И опять он стал весел и спокоен: поживи для людей, поживут и люди для тебя. Сам себе на радость никто не живет.
Болезнь
Опять было на Груманте.
Одного дружинника, как раз в деловые часы, начала хватать болезнь: скука, немогута, смертная тоска. Дружинник говорит сам себе:
«Меня хочет одолеть цинга. Я ей не поддамся. У нас дружина малолюдна. Моя работа грузом упадет на товарищей. Встану да поработаю, пока жив».
Через силу он сползал с нар и начинал работать. И чудное дело — лихая слабость начала отходить от него, когда он трудился.
Дружинник всякий день и всякий час сопротивлялся немощи. Доброй мыслею побеждал печаль и победил цингу: болезнь оставила его.
По уставу
Лодья шла вдоль Новой Земли.

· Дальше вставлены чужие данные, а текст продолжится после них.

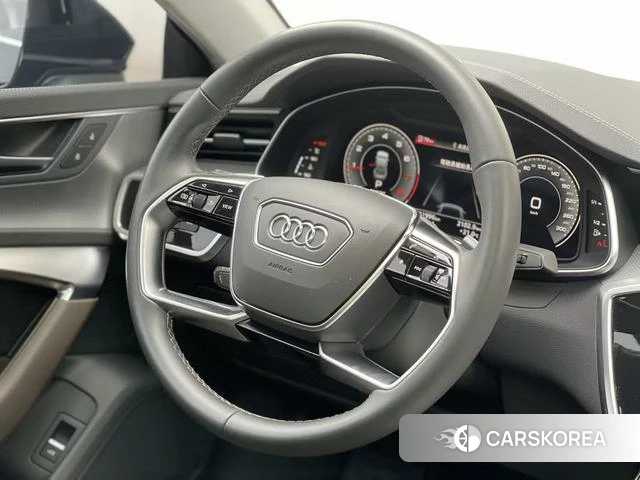 Audi A7L 2024 Черный из Китая, фото 5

Для осеннего времени торопилась в русскую сторону. От напрасного ветра зашли па отстой в пустую губицу. Любопытный детинка пошел в берег. Усмотрел, далеко или близко, избушку. Толкнул дверь — у порога нагое тело. Давно кого-то не стало. А уж слышно, что с лодьи трубят в рог. Значит, припала поветерь, детине надо спешить. Он сдернул с себя все, до последней рубахи, обрядил безвестного товарища, положил на лавку, накрыл лицо платочком, доброчестно простился и, сам нагой до последней нитки, в одних бахилах, побежал к лодье.
Кормщик говорит:
— Ты со уставу сделал. Теперь бы надо нам сходить его похоронить, но не терпит время. Надо подыматься на Русь.

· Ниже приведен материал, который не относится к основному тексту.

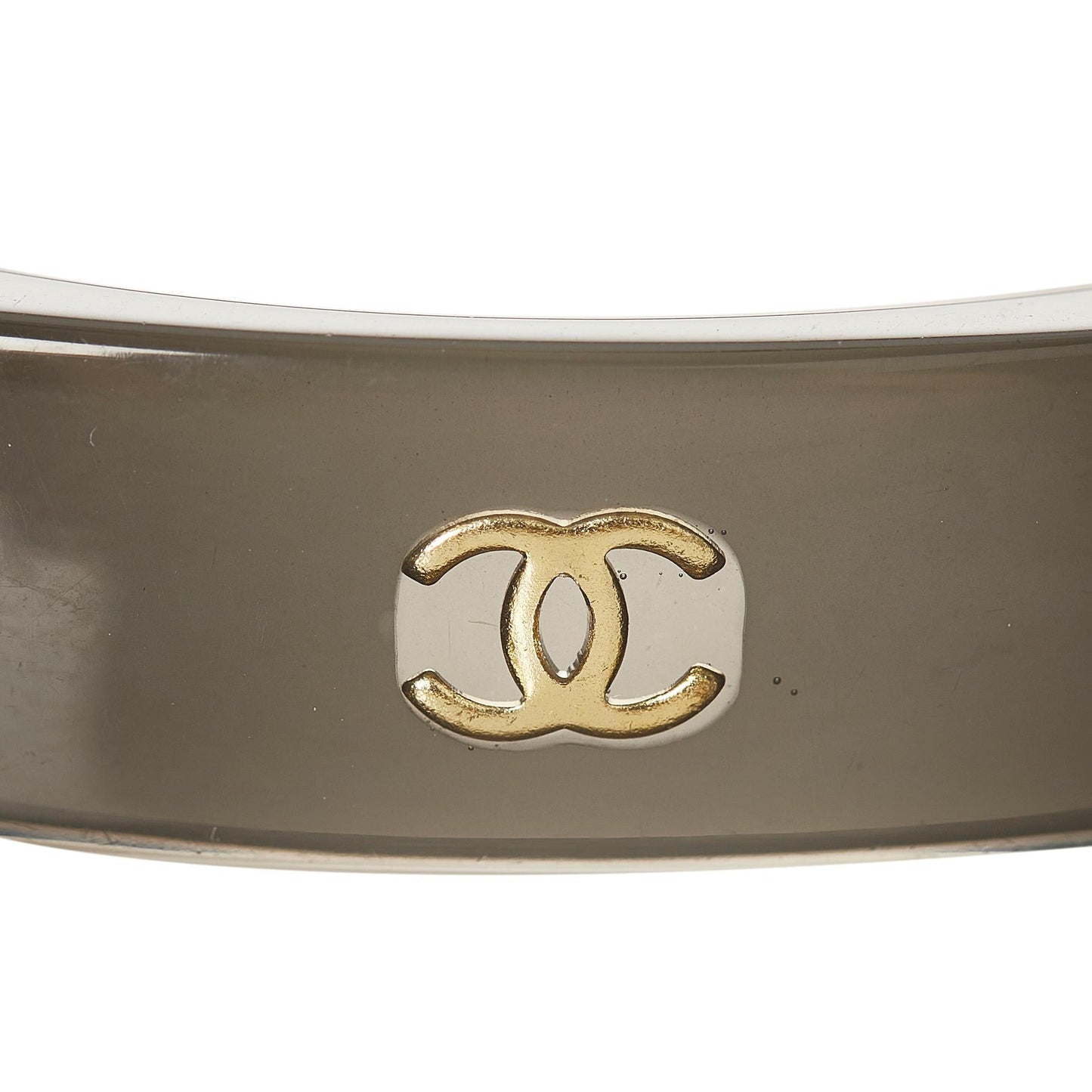 Chanel CC Resin Bangle (SHG-24918)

Лодью задержали непогоды у Вайгацких берегов. Здесь она озимовала.
Сказанный детина к весне занемог. Онемело тело, отнялись ноги, напала тоска. Написано было последнее прощанье родным. Тяжко было ночами: все спят, все молчат, только сальница горит-потрескивает, озаряя черный потолок.

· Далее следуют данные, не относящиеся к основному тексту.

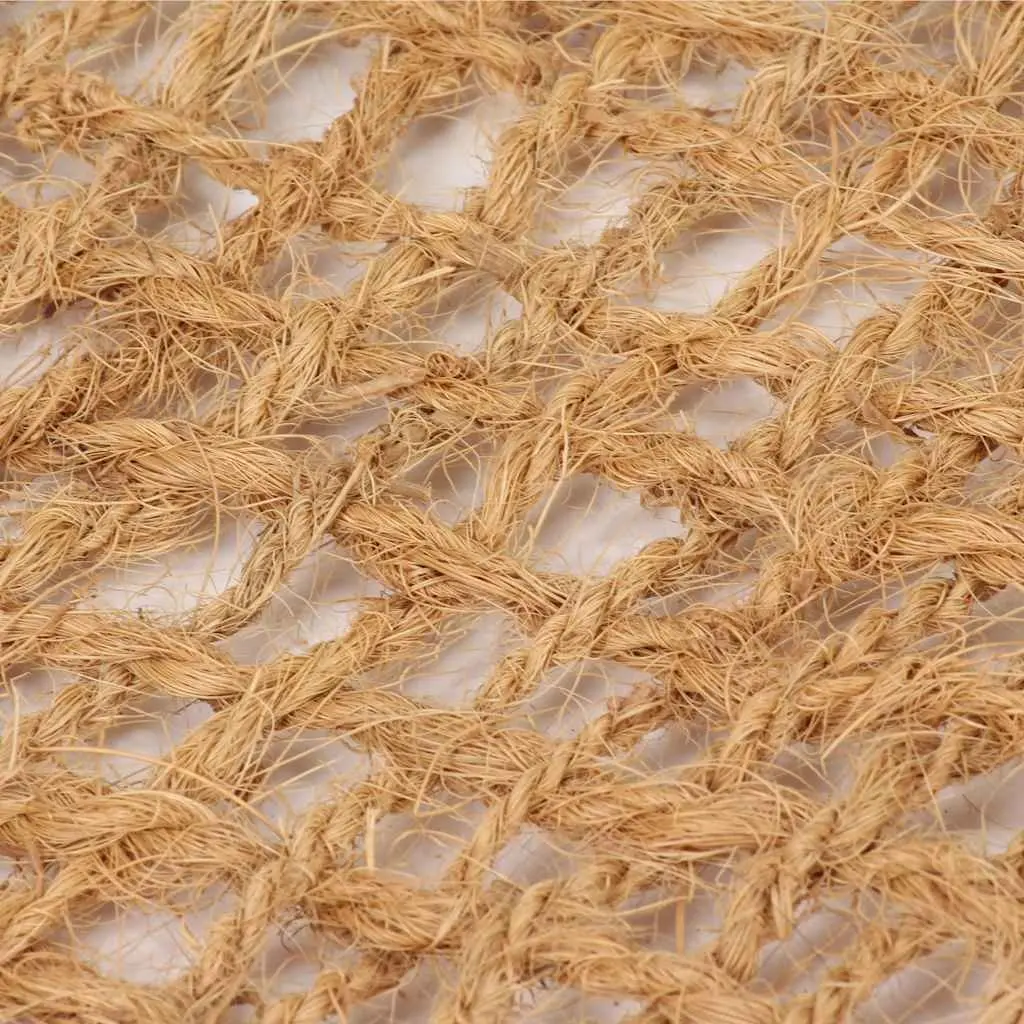 Geotextile Erosion Control Mat Coir Natural 1x20m Permeable Landscape Fabric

Больной спустил ноги на пол, встать не может. И видит сквозь слезы: отворилась дверь, входит незнаемый человек, спрашивает больного:
— Что плачешь?
— Ноги не служат.
Незнакомый взял больного за руку:
— Встань!
Больной встал, дивяся.
— Обопрись на меня. Походи по избе.
Обнявшись, они и к двери сходили и в большой угол прошлись.
Неведомый человек встал в огню и говорит:
— Теперь иди ко мне один.
Дивясь и ужасаясь, детина шагнул к человеку твердым шагом:
— Кто ты, доброхот мой? Откуда ты?
Незнаемый человек говорит:
— Ужели ты меня не узнаешь? Посмотри: чья на мне рубаха, чей кафтанец, чей держу в руке платочек?
Детина всмотрелся и ужаснулся:
— Мой плат, мой кафтанец…
Человек говорит:
— Я и есть тот самый пропащий промысловщик из Пустой Губы, костье которого ты прибрал, одел, опрятал. Ты совершил устав, забытого товарища помиловал. За это я пришел помиловать тебя. А кормщику скажи — он морскую заповедь переступил, не схоронил меня. То и задержали лодью непогоды.